The first fingers of dawn are barely visible on the eastern horizon when yellow-vested customs officers arrived at Dublin Port at 5am in time for the first ferry sailings into the port.
Their mission, which started last Friday, is to give customs advice to truck drivers in advance of Brexit and to hand out leaflets. It is a beautiful morning, with hardly a breath of wind, the calm before the storm, a little like Brexit itself.
There is an air of unreality about events. A no-deal Brexit, which will transform activity at the port and make life for hauliers a lot more complicated, is due on Friday unless politicians reach agreement or something turns up like the character out of Dickens.
The leaflet outlines what truck drivers must do in the event of a no-deal Brexit. Unless an agreement is reached at 11pm on Friday, Britain will become a third country as far as customs declarations are concerned.
Companies will have to make a customs declaration if they are trading with the UK. It will be made via an entry summary declaration (ESD) for which truck drivers will be given a master reference number (MRN). This will determine whether they will be in the green lane which means they can exit the port without stopping or in the red channel where they risk being detained by customs officials.

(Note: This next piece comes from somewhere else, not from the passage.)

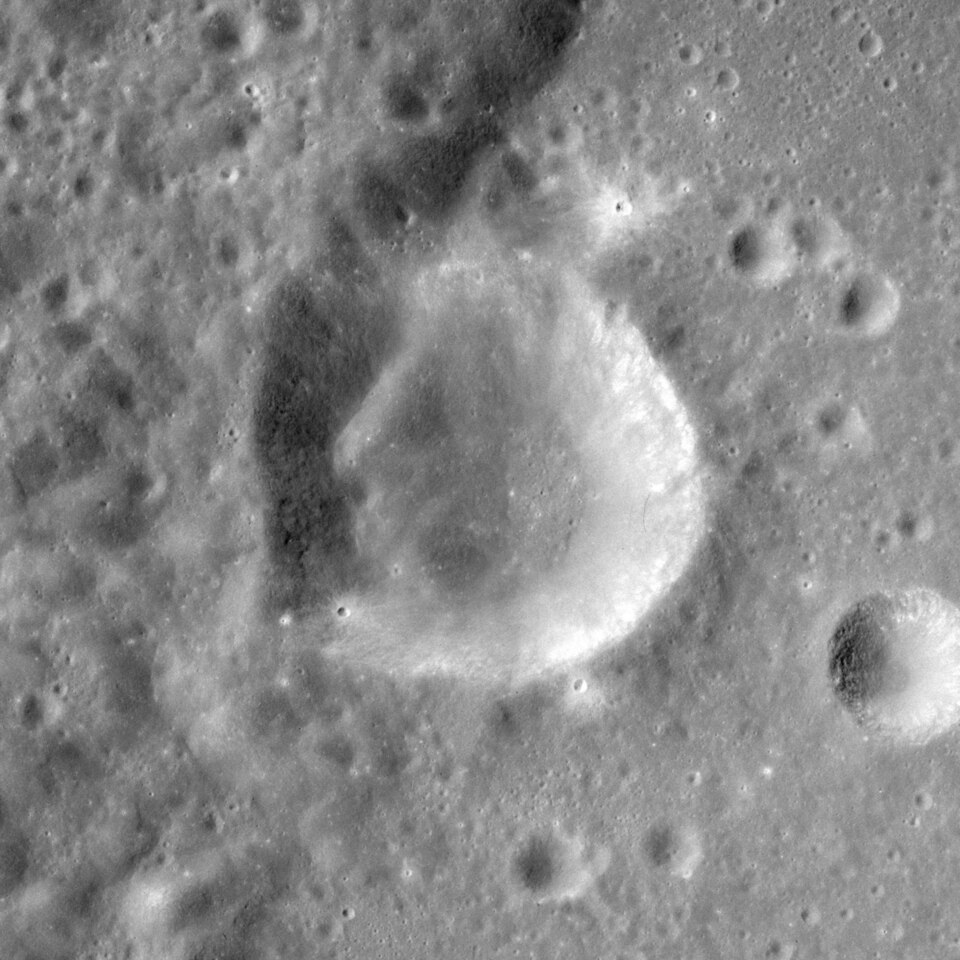 Bergman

Strictly speaking it is not the responsibility of truck drivers to ensure that the goods they are carrying are customs compliant. That is the responsibility of the company which is transporting the goods, but they will be the ones at the cutting edge of any delays.

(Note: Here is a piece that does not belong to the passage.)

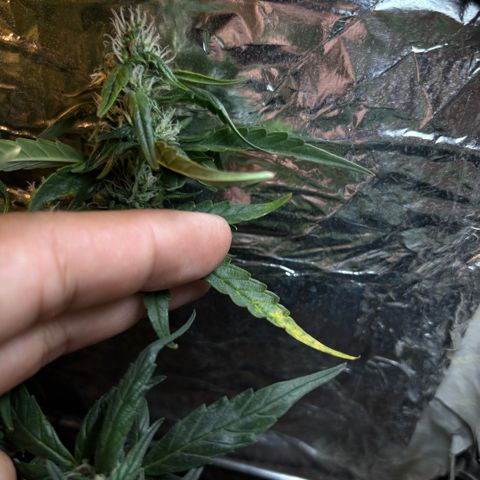 Sunset Sherbet Auto growlog timeline photo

The head of Revenue’s Brexit policy unit, Lynda Slattery says they have already targeted others “further up the food chain” in a series of seminars since Christmas.
Nevertheless, even with Brexit looming, only half of the 84,000 business in Ireland that trade with the UK have registered for customs declarations.
“The big issue is how prepared are businesses,” she states. “The State will be able to respond from Friday. The feedback from our seminars is that businesses are not sure if Brexit will happen or not.”
Her warning to wavering businesses is blunt. They must prepare for an imminent hard Brexit.
“Is your business going to survive after 11pm on Friday night if you haven’t done anything? That’s a genuine question for businesses.”
Rita O’Hanlon, one of the customs officials handing out fliers, said many of the lorry drivers they had spoken to had not received any information about the matter before being approached by them.
She said the views of cross-channel lorry drivers ranged from “absolute fear to total ambivalence – some of them don’t believe Brexit will go ahead and others say they haven’t a clue about what is happening. Some have an abject fear of being delayed for hours in the port.”
One truck driver, who didn’t want to be named, cheerily predicted that Brexit “won’t happen. It will dwindle out and the next thing there will be nothing.”
“I could lose my run because of it. I’m on a set run. I have a half an hour to get to Ashbourne, tip a truck and get back into Dublin Port and I will have to clear customs twice.”
“Everybody from the UK is going to use UK boats rather than going through the South. It will hurt shipping in the South,” he said.